Theodore Seuss Greisel is an American children’s fiction icon, having made his name with books like Horton Hears a Who!, How the Grinch Stole Christmas and The Cat in the Hat. Recent years have seen a mixed bag of cinema releases based on these favourites, the latest of which is based on The Lorax, a cautionary tale about the dangers of sacrificing nature in favour of short-term profit.

Ted (Zac Efron) is a teenage boy from Thneedville, a town that has replaced natural trees with electronic ones. In an effort to impress a girl, Audrey (Taylor Swift) he leaves the town in search of The Once-ler (Ed Helms) whom his grandmother tells him will be able to point him in the right direction to find a natural tree. The Once-ler tells hims a story of the time he found a forest which was guarded by a mystical (and annoying) creature known only as The Lorax (Danny DeVito).

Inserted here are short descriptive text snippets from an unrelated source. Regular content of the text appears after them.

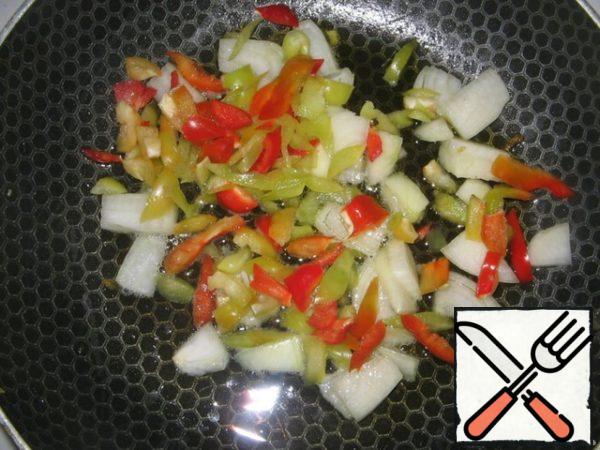 The remaining onions and the tops of peppers cut into strips are fried together.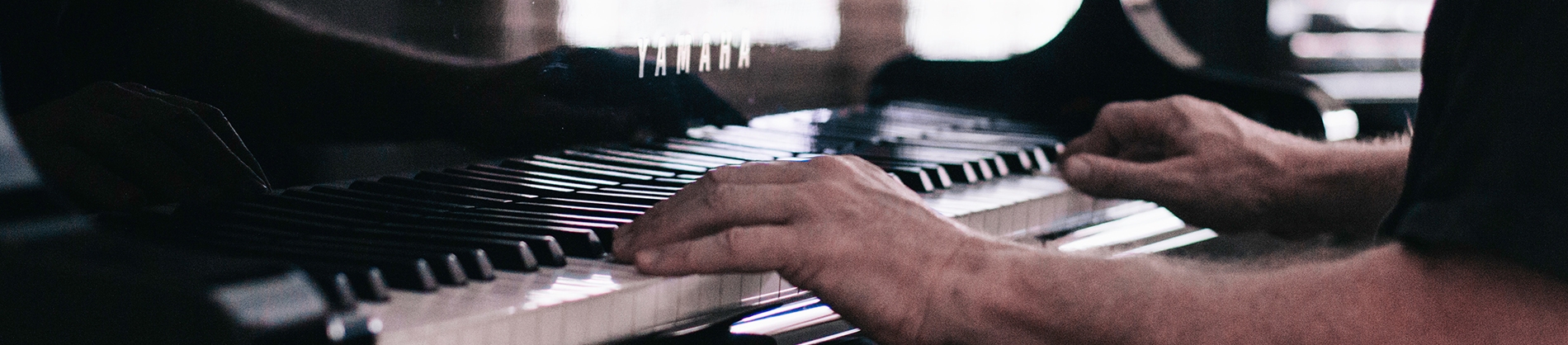 A man sat playing the piano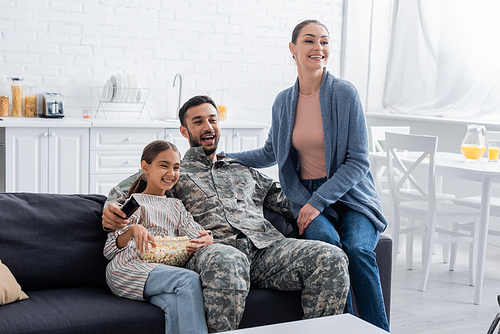 Smiling man in military uniform holding remote controller near family with popcorn at home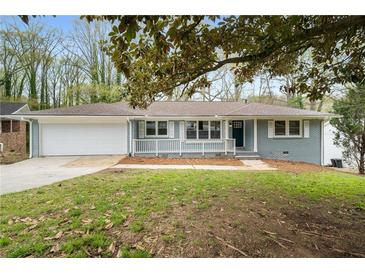 Charming single-story home with a painted brick facade, attached garage, and inviting front porch at 3069 Thrasher Cir, Decatur, GA 30032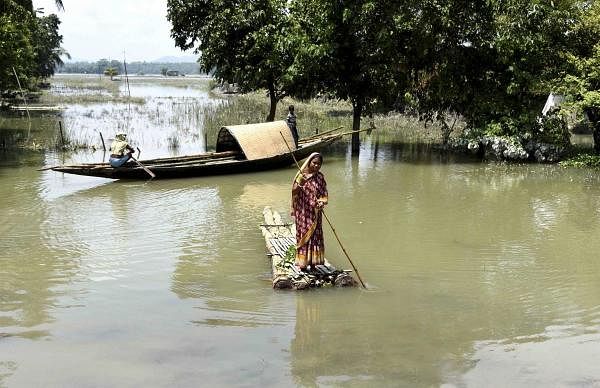 woman crosses a flooded area on a makeshift raft, at Bura Buri Village in Morigaon district, Saturday, July 4, 2020. Credit: PTI Photo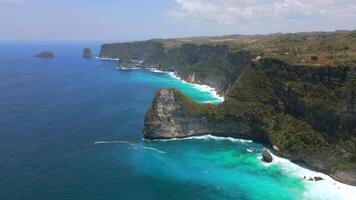 Aerial view of scenic cliffs and turquoise water on Nusa Penida Island, Bali, Indonesia. Stunning landscape ideal for travel, nature, and tropical paradise themes video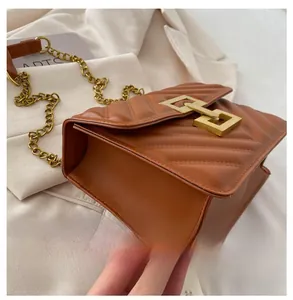 Detailed close-up of brown V-quilted leather bag with gold geometric lock and chain strap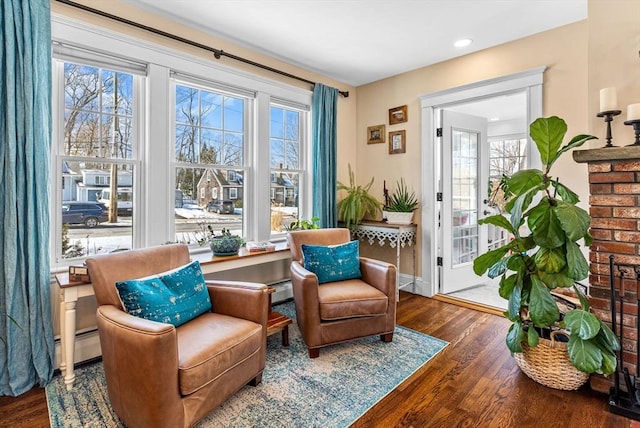 living area with baseboards, a baseboard heating unit, and wood finished floors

The varying quality of Seuss’ adaptations has been difficult to predict with Horton Hears a Who! Being well-constructed, The Grinch being decent enough and The Cat in the Hat being terrible. The Lorax, for all its credibility on paper is more toward the middle-to-low end in terms of quality. The cast are solid, with Helms and DeVito being the obvious standouts. Zac Efron is however, miscast as a teenager, with a far too deep voice to be convincing, while Taylor Swift, a singer rather than an actress is the only main character, bizarrely not to perform a musical number throughout the entirety of the film.

The style is loud, colourful yet strangely devoid of character. The Lorax’s central message is supposed to be a pro-environment, anti-capitalist one, yet its presentation, as part of an ongoing brand extension for the Seuss works in cinema becomes exactly what it rails against. A horribly sweet, tacked on ending goes one step further to ruining the key message and for a children’s animation, there are precious few laughs.

The Lorax’s musical numbers are catchy and fun, if devoid of depth and there’s a sense that the film-makers spied a money-spinner and just produced a by-the-numbers animated film with clichés ranging from a tyrannical midget antagonist to a loveless relationship between two teenagers. Where The Lorax excels is the flashback sequence surrounding The Oncle-ler and The Lorax, but this is preciously short and almost immediately forgotten in exchange for the story of Ted and Audrey. It’s a sweet, forgettable and sadly very flawed interpretation of a popular children’s classic and The Lorax will be consigned to the bin of lesser animated works.